Color Space

dartwork-mpl provides a powerful Color class for working with colors in different color spaces. If you’ve ever mixed two colors and gotten a muddy brown, or built a gradient that dips through gray — that’s because most tools work in RGB, which doesn’t match how humans perceive color.

dartwork-mpl solves this by using OKLab and OKLCH — perceptually uniform color spaces where equal numeric distances correspond to equal visual differences. This page covers:

  • Creating Color objects from any format

  • Converting between color spaces

  • Modifying individual color channels

  • Interpolating smooth gradients (and why the color space matters)

  • Building custom colormaps for matplotlib

Why color spaces matter

Traditional RGB mixes colors the way a screen does — by blending light channels. That’s convenient for hardware but terrible for human perception. Two colors that are numerically “equidistant” in RGB can look wildly different to the eye.

Perceptually uniform spaces like OKLab and OKLCH fix this. They model how humans actually see color, so operations like blending, lightening, and interpolating produce predictable and visually pleasing results.

Tip

If you’re new to color spaces, don’t worry about the math — dartwork-mpl handles all conversions automatically. Just pick the constructor that matches your input format, and use OKLCH when you need to adjust hue or saturation.

Color object

The Color class is a unified interface for working with colors across multiple color spaces. Internally, colors are stored as OKLab coordinates, which enables efficient and accurate conversions.

import dartwork_mpl as dm

# All Color objects are stored internally as OKLab
color = dm.oklab(0.7, 0.1, 0.2)
print(color)  # Color(oklab=(0.7000, 0.1000, 0.2000))

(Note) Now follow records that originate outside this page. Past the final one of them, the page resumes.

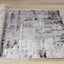 Chorus Distressed Rug - Black & White roll on floor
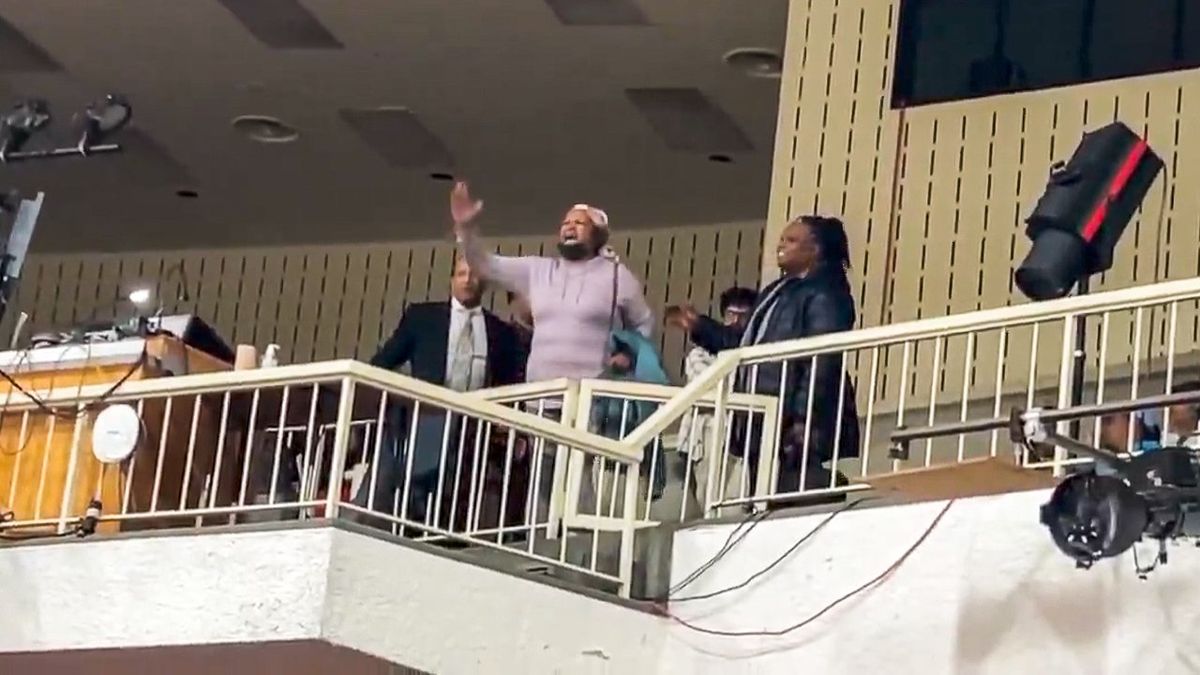 'The House is on fire!' Woman interrupts Dem's town hall to oppose 'business as usual'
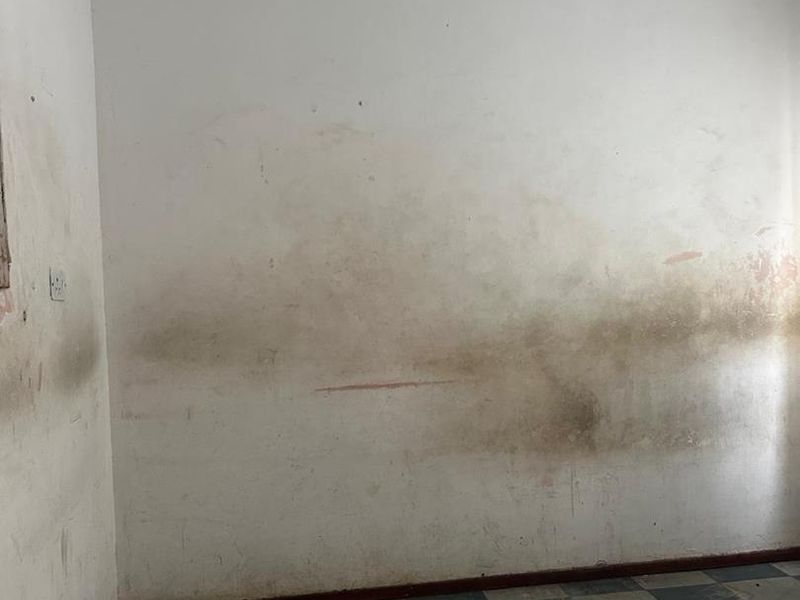 An empty bedroom featuring checkered floor tiles and walls requiring significant repair and repainting due to extensive surface staining.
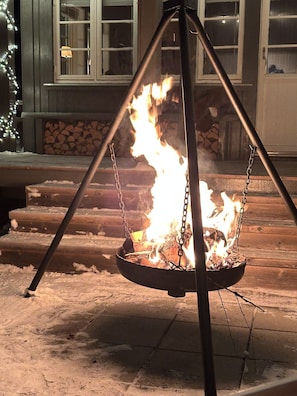 A fire pit with flames, surrounded by a wooden deck and a house in the background.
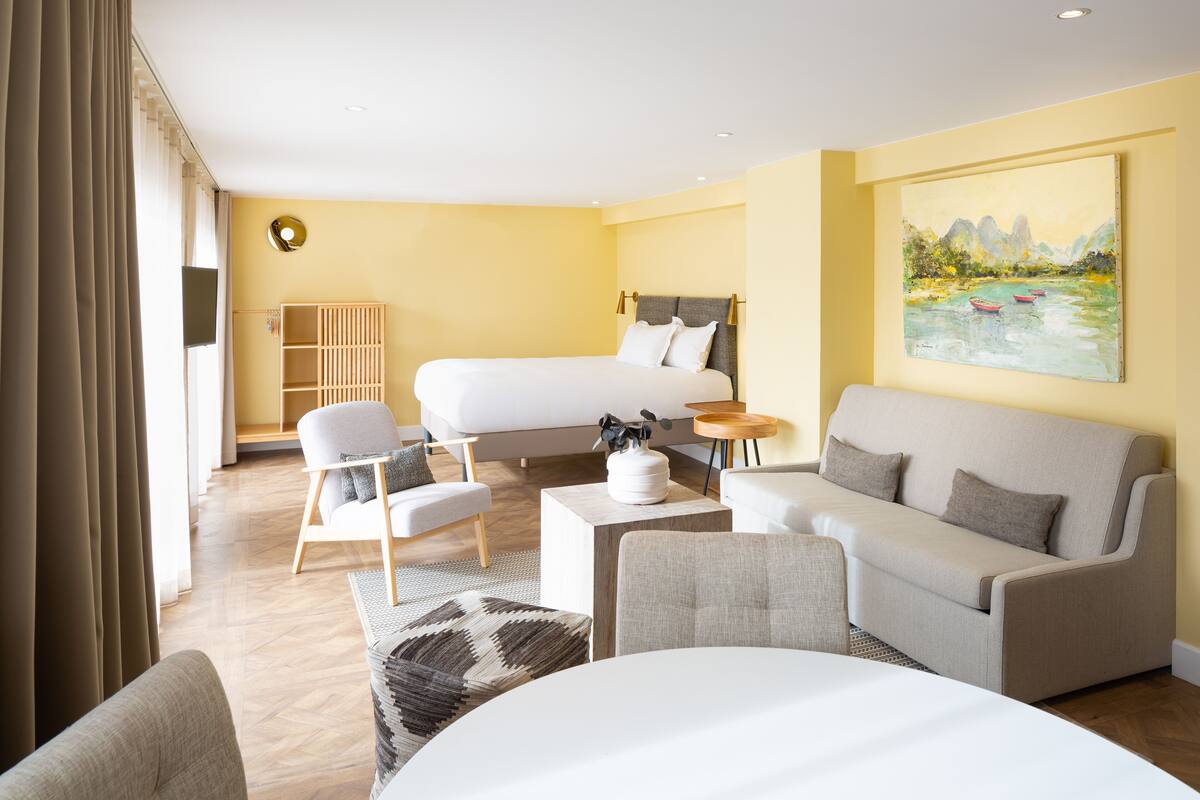 Une chambre d’hôtel avec un lit, un canapé, une chaise, une petite table et un tableau au mur.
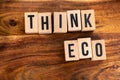 ` THINK ECO ` text made of wooden cube on  wooden background Royalty Free Stock Photo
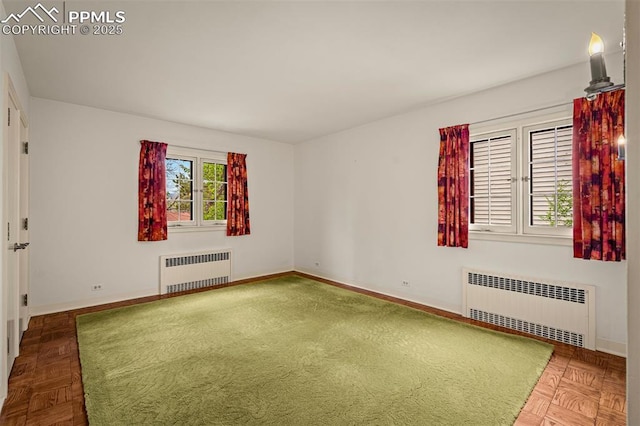 2126 Wood Ave, Colorado Springs, CO 80907 - spare room featuring radiator heating unit and baseboards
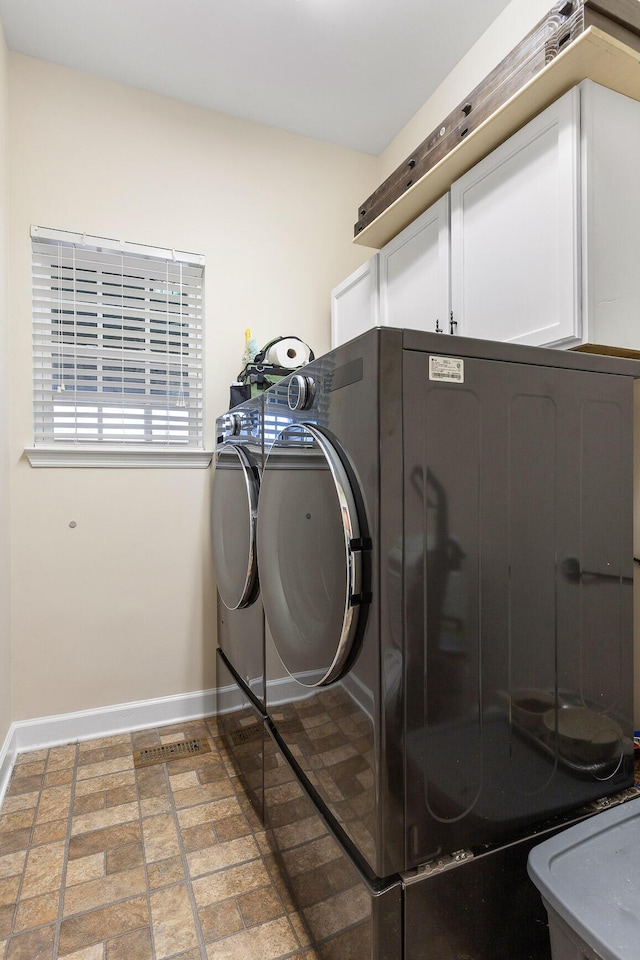 washroom with cabinets and washing machine and dryer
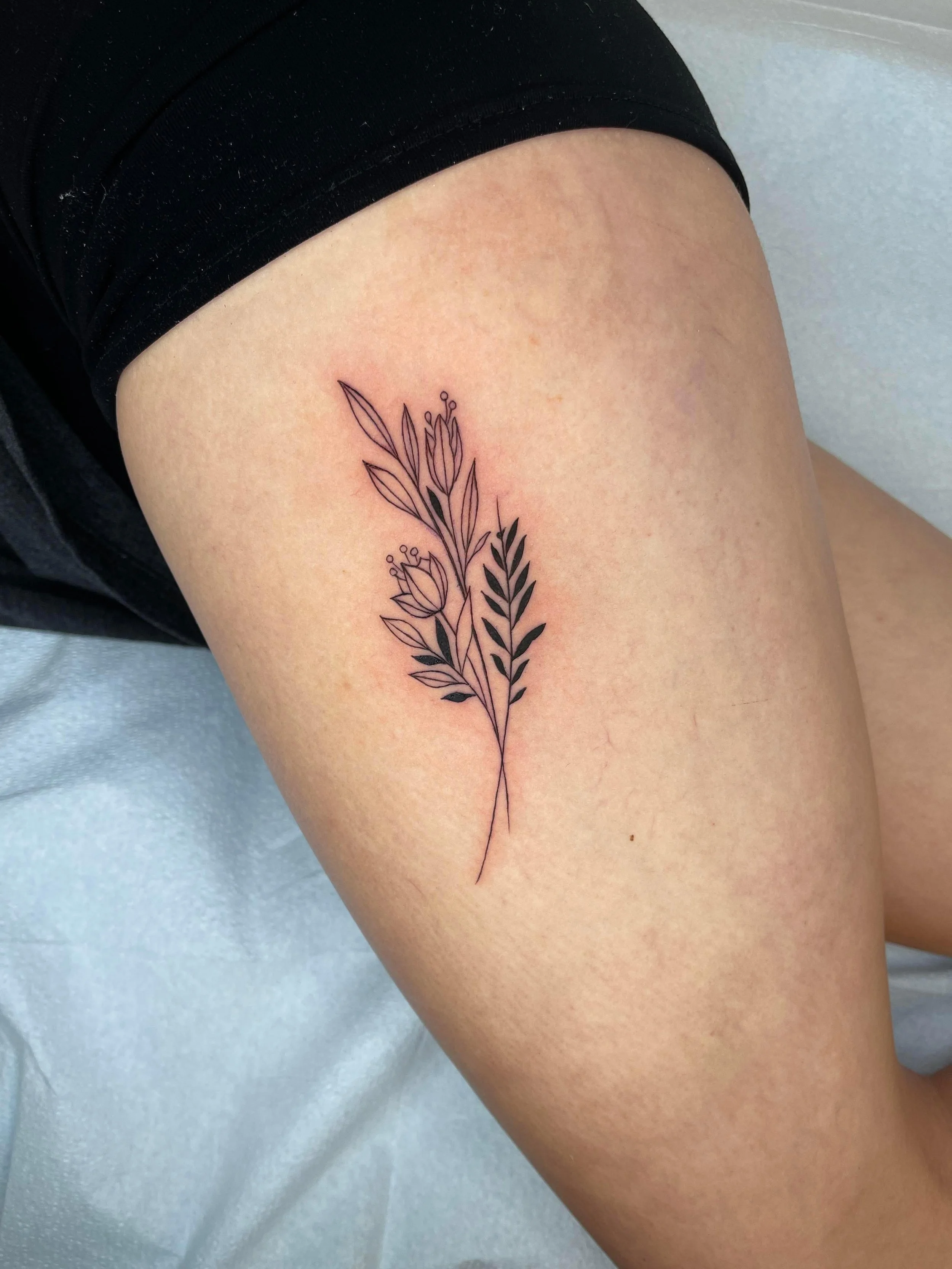 A tattoo of a simple black line drawing of a branch with leaves and flowers on a person's thigh.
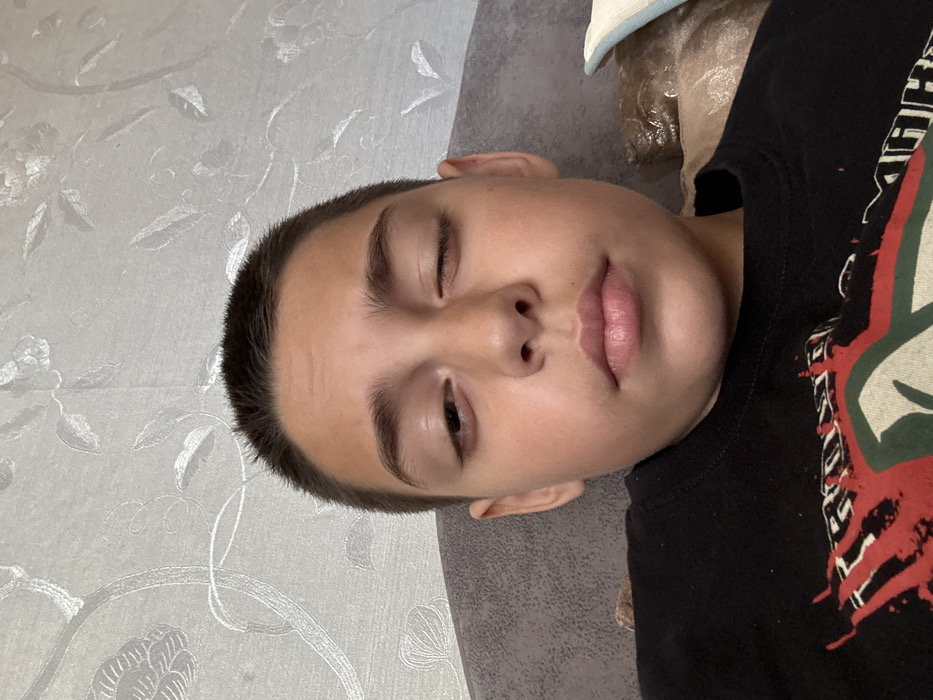 An indoor close-up depicts a young individual with short, dark hair and a light complexion, situated in what is reported as the city of Chervena voda, Bulgaria. The subject faces the camera directly. The left eye (viewer's left) is partially open, while the right eye (viewer's right) is closed. The mouth is closed, maintaining a neutral facial expression. The individual wears a black crew-neck t-shirt displaying a partial graphic design in red and white on the chest. The background features a light-toned wall covered in wallpaper with a subtle, embossed floral or vine pattern. Portions of a dark grey cushion or headrest are visible on the left, and a beige, possibly plastic-covered cushion along with a light-colored striped cushion are visible on the right.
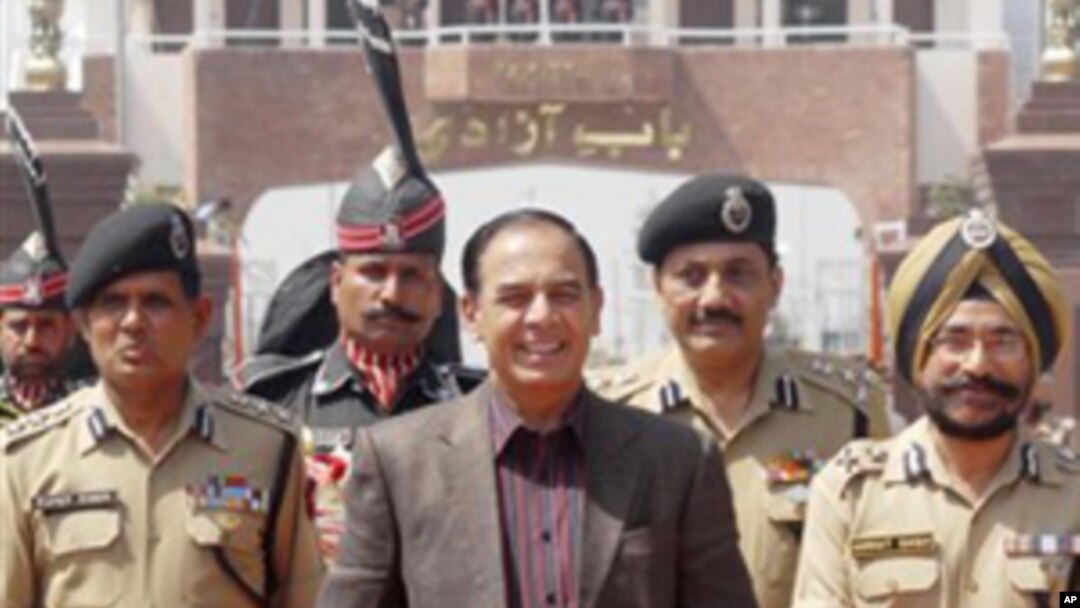 Pakistan's Interior Secretary Qamar-uz-Zaman Chaudhry walks with Indian Border Security Force officers as he arrives on the Indian side of the border at Wagah, India, March 27, 2011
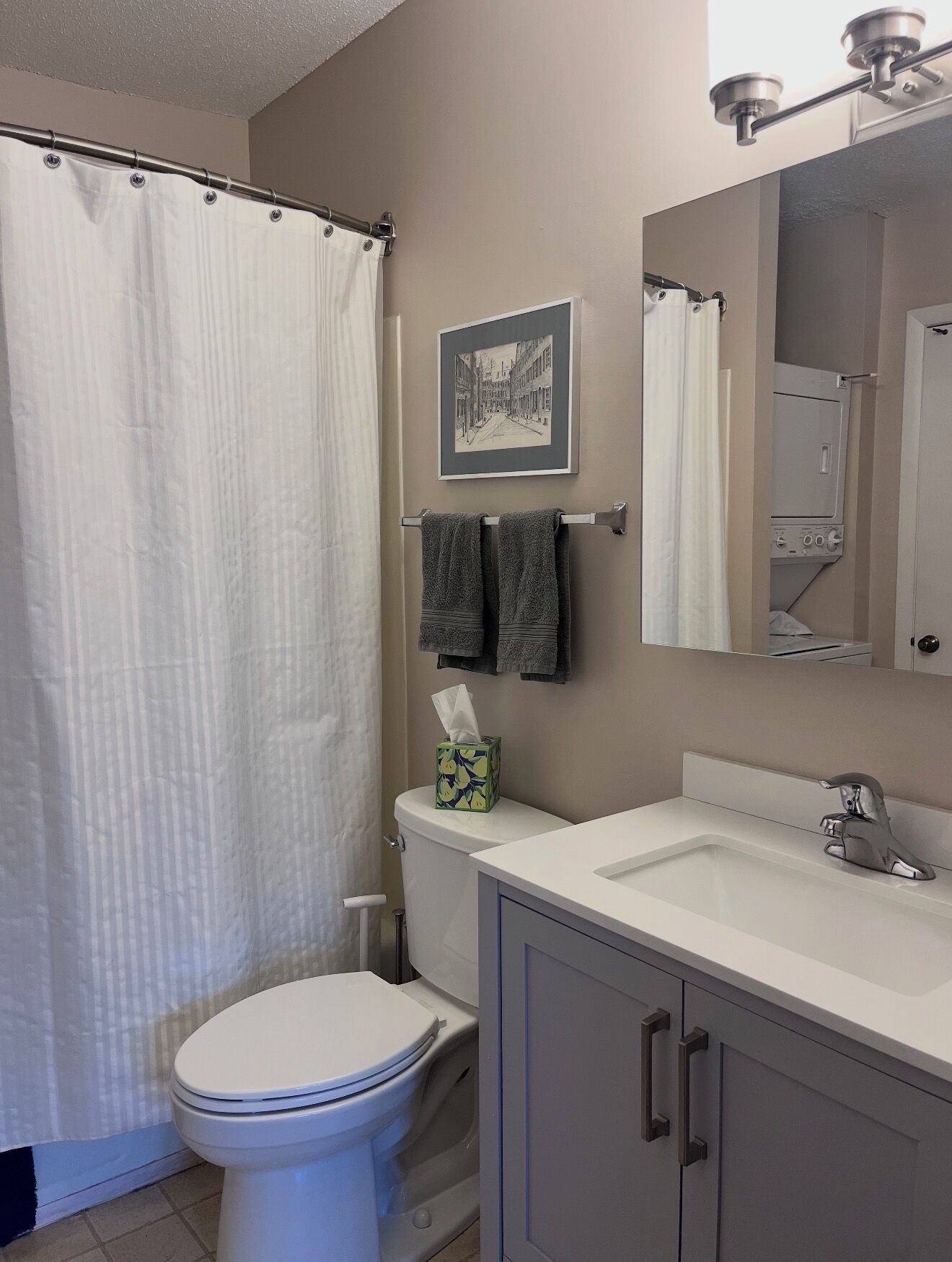 A bathroom with a toilet, a sink, a mirror, a towel rack, and a shower curtain.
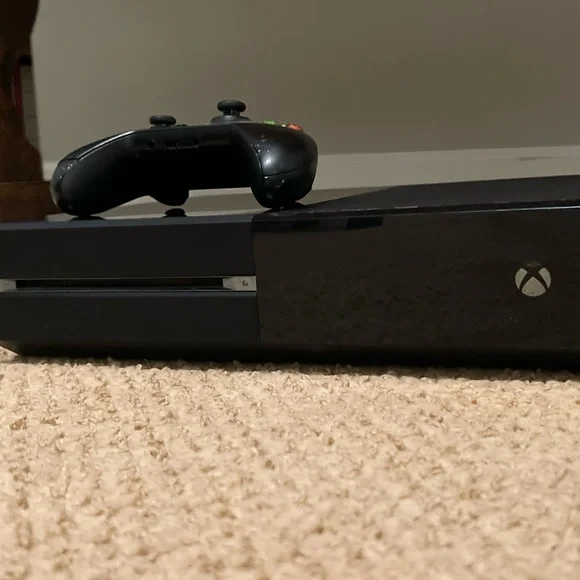 Xbox one with all power cords and everything that came with it and 9 video games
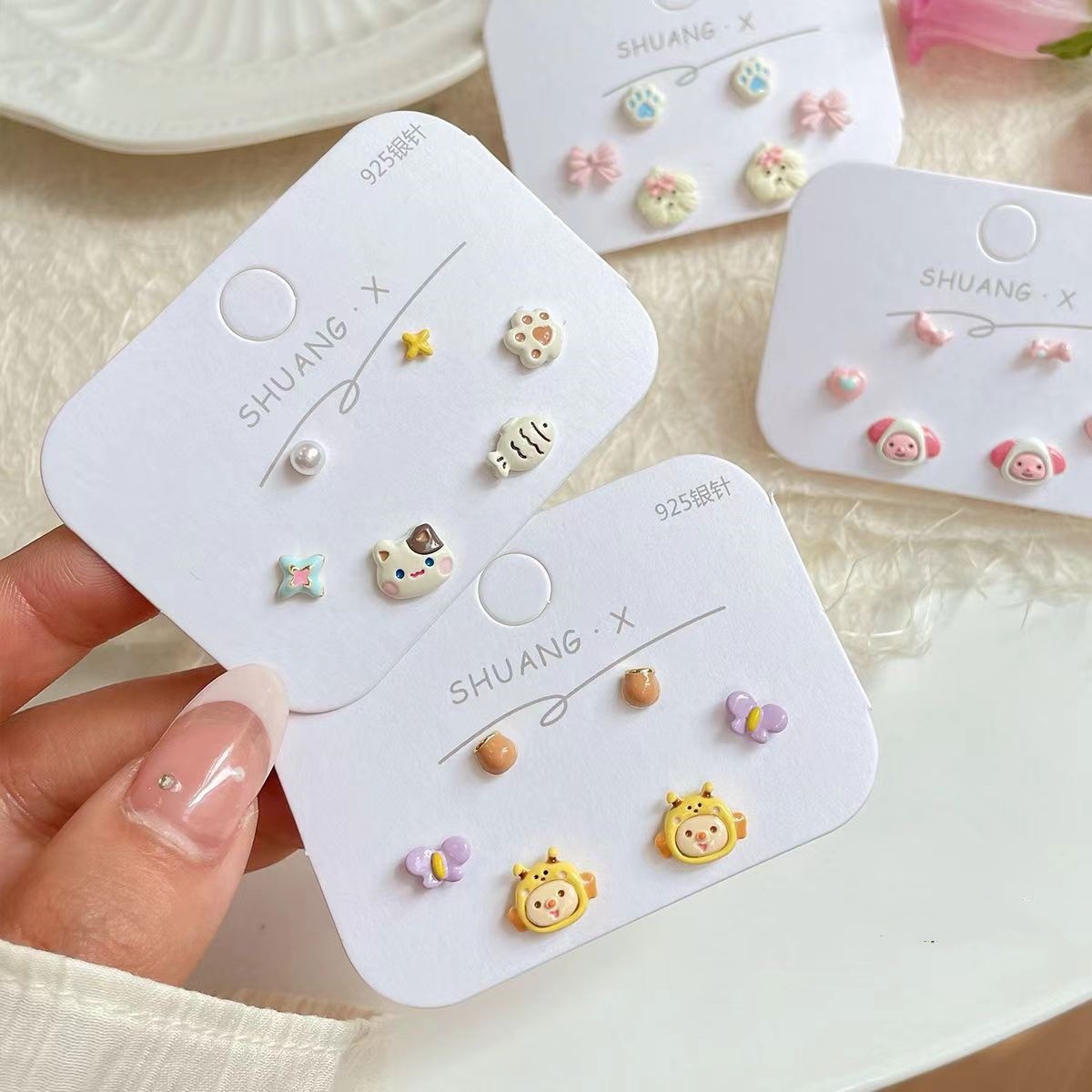 A three-piece set of Korean-style, cute and cartoonish ear studs. It's a unique and versatile summer ear accessory with a touch of childlike fun full figure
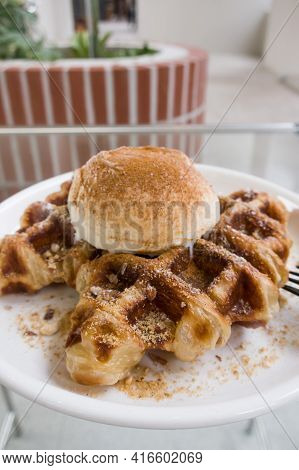 A Baked Croissant Dough In Waffle Iron With A Scoop Of Vanilla Ice Cream.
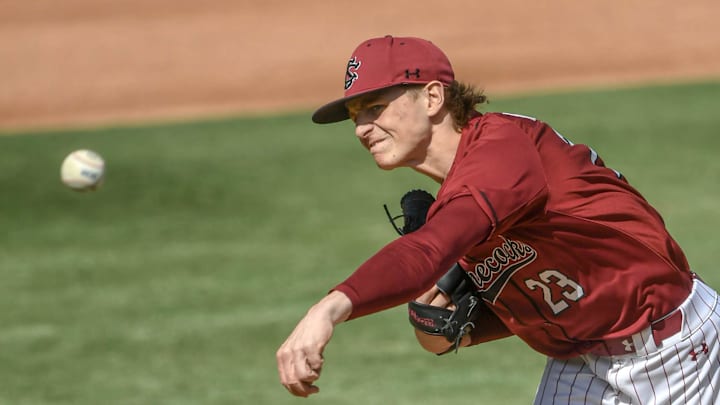 Mar 1, 2025; Greenville, South Carolina, USA; South Carolina Gamecocks pitcher Jake McCoy (23) throws to the Clemson Tigers during the top of the first inning at Fluor Field. Mandatory Credit: Ken Ruinard/USA Today Network via Imagn Images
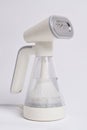 Hand steamer for clothes isolated on a white background Royalty Free Stock Photo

View objects (color.oklab, color.oklch, color.rgb) provide convenient attribute-based access for reading, writing, unpacking, and indexing color components.

Creating Color objects

You can create Color objects from any supported format. Pick whichever matches your input — all methods produce identical Color instances that can be freely converted.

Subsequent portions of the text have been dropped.